Naturally, none of the above is to say that a coalition government would be anything short of the best gift Canada could ask for. But while the NDP certainly needs to make sure that Canadians have positive things to say about the coalition over the holidays, it would seem to have a better chance of doing so with a message which either has a greater chance of reaching more people, or at least fits better into the medium chosen.

A new spirit of openness...

...won't be found within the Harper Cons anytime soon:
CMHC is a federal agency that has been supplying mortgage insurance since 1954, and is currently overseen by Human Resources and Social Development Canada.

In response to a question about its accountability, CMHC said in its statement: “The lines of accountability are very clear, like all Crown corporations CMHC is accountable to Parliament through its minister.”

When The Globe contacted Human Resources Minister Diane Finley, her spokeswoman replied: “We will have to decline and allow CMHC to respond to the questions applicable.”

Wednesday, December 17, 2008

Just curious...

A quick musing on the correlation (or lack thereof) between the Cons' public statements and reality. When Stephen Harper or one of his minions proclaims that any particular statement X is true, would readers think that the Cons' declaration:
(a) provides reason to think that X is more likely to be true than if the Cons had said nothing?
(b) provides reason to think that X is less likely to be true than if the Cons had said nothing?
(c) is entirely valueless in assessing whether or not X is true?

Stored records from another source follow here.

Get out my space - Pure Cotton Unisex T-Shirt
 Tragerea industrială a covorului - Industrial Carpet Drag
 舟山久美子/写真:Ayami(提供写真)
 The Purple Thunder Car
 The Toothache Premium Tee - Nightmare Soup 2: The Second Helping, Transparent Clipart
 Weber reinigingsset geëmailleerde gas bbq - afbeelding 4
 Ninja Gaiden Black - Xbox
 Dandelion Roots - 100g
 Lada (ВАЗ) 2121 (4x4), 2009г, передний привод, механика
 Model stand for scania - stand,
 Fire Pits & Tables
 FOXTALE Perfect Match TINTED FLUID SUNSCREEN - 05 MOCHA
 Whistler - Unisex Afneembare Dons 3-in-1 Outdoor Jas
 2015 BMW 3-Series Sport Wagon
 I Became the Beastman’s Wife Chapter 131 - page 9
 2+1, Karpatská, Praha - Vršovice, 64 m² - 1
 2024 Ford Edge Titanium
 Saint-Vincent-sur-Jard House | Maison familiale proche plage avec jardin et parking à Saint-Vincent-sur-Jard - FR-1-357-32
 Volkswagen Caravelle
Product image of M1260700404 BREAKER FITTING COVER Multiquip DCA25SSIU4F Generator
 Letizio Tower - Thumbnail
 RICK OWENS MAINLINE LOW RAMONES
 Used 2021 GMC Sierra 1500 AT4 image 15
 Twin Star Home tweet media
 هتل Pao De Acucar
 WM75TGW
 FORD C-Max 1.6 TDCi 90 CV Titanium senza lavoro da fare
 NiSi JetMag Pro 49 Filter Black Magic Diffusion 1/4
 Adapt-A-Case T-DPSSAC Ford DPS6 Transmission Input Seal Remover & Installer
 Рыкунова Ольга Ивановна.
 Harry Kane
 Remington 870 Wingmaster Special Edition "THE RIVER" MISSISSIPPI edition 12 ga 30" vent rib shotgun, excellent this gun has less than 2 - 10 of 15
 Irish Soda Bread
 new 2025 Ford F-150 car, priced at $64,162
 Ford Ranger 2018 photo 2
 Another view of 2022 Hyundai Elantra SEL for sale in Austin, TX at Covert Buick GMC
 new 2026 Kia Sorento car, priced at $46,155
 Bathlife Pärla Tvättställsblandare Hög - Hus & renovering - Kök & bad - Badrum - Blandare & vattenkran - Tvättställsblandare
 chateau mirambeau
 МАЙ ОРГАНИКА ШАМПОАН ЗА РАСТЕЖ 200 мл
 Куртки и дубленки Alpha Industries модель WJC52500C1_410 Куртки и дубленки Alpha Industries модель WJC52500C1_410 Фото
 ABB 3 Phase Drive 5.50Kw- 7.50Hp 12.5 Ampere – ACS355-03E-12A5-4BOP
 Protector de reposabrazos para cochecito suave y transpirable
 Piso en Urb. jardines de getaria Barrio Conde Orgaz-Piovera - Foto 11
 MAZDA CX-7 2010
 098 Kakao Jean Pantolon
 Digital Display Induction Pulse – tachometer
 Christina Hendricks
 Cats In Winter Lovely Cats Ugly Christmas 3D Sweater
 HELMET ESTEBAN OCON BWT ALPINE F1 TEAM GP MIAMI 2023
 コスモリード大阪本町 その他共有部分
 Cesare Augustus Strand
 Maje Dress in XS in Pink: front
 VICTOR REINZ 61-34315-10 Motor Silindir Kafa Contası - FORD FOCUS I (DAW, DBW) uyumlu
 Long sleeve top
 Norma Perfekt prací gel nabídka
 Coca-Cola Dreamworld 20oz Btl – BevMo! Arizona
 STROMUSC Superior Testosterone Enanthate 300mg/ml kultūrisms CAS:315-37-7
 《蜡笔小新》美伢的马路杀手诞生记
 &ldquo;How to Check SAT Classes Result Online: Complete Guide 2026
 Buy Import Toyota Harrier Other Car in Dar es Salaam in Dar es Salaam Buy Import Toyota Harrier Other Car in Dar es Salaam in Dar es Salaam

And does the Cons' recent spate of complete contradictions offer some reason to move both (a) and (b) answers toward (c) instead?

Update: Calgary Grit offers up plenty of good reasons to gravitate toward (b).

On self-contradiction

Sometimes, one has to wonder whether the Cons' ever-changing, ever-contradictory messages are less a matter of perceived partisan advantage than a simple form of amusement to see just what they can get away with. This is one of those times:
"The projects we undertake as stimulus must be immediate, they must happen quickly, otherwise there's no point in doing them, there's no point in stimulating the economy when the economy starts to recover," Flaherty said.
That's right: the same Finance Minister whose fiscal update last month put off any stimulus until well into next year - and who just days ago was demanding time before he'd even consider making any decisions - is now lecturing Canadians on the dangers of not investing immediately in the stimulus which Flaherty himself is delaying. And even that only manages to rank as the Cons' second-most glaring self-contradiction of the day.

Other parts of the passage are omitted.